These very clever men knew their subject but were in most cases very bad teachers, because they had no idea about teaching technique.
They made up for lack of teaching ability by beating people into learning, a very old-fashioned approach which would be deplored these days. They had specialist rubber tubing and different kinds of canes; there were quite a few sadists among them.
In contrast, Mr Jimmy Jewell was a very good teacher [and in particular] an inspirational history teacher. He communicated clearly, simply and had the ability to communicate abstract ideas. He was the one who taught me how to write an essay; before I couldn’t get my head around it. He managed to explain how you organise your thoughts in a logical way, that you have intelligent paragraphing, [plus] a structure and logic to what you are saying. That was something that never occurred to me before, but he managed to communicate that to me.
He played quite an important part in my life when I was about 16 or 17. I was at that point a very shy and uncommunicative adolescent. [Despite this I auditioned] for the school play, which was Macbeth. Mr Jewell obviously spotted some talent that I wasn’t conscious of because I finished up getting the lead role.

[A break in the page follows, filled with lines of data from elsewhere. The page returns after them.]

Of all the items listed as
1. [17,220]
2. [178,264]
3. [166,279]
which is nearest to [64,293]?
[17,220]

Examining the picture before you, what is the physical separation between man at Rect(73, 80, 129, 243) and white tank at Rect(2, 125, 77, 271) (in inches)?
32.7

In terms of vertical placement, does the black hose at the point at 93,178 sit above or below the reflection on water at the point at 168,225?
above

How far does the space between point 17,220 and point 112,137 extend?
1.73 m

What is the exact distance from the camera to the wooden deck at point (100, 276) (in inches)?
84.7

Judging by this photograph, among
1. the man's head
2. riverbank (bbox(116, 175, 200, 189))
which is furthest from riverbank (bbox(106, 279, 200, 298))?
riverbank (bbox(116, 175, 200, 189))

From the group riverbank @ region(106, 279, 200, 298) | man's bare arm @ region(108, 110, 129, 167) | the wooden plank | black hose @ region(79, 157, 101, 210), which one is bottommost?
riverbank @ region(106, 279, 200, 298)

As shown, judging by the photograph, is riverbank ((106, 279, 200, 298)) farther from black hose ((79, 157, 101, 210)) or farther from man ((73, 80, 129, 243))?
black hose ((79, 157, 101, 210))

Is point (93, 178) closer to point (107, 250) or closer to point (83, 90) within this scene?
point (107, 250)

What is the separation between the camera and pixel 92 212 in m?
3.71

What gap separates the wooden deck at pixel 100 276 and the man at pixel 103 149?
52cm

I had to learn 400 lines, speak and perform. It was a very steep learning curve and my performance on the first night was a disaster. I didn’t deliver my lines well and there was an absolute catastrophe when I came on the stage a scene early. The little boys carrying branches of trees in the play saw Macbeth (me) advancing on them with a sword and they all fled, turning the great Shakespearean tragedy into a farce. Everybody in the audience laughed and I destroyed [the] production.
Mr Jewell, the producer of the play, was of course completely distraught. He said: “This is a complete disaster, a complete humiliation for us all, but you have the potential to do much better, so go back and save the day!”... He gave me enough confidence to go back and I delivered a good performance. That was the moment I overcame shyness and fear of public speaking.
Mr Jewell knew how to encourage people and get the best out of them, but he wasn’t liked; he was unpopular because he was quite a disciplinarian.
Mr Jewell had quite a beautiful wife, but he was not at all good looking. He was very tiny, about 5ft 5in or 5ft 6in, also very thin and had black hair. He was quite hunched and may have been in his late 40s or early 50s. He was highly intelligent though and I think his wife was attracted to his intelligence and ability.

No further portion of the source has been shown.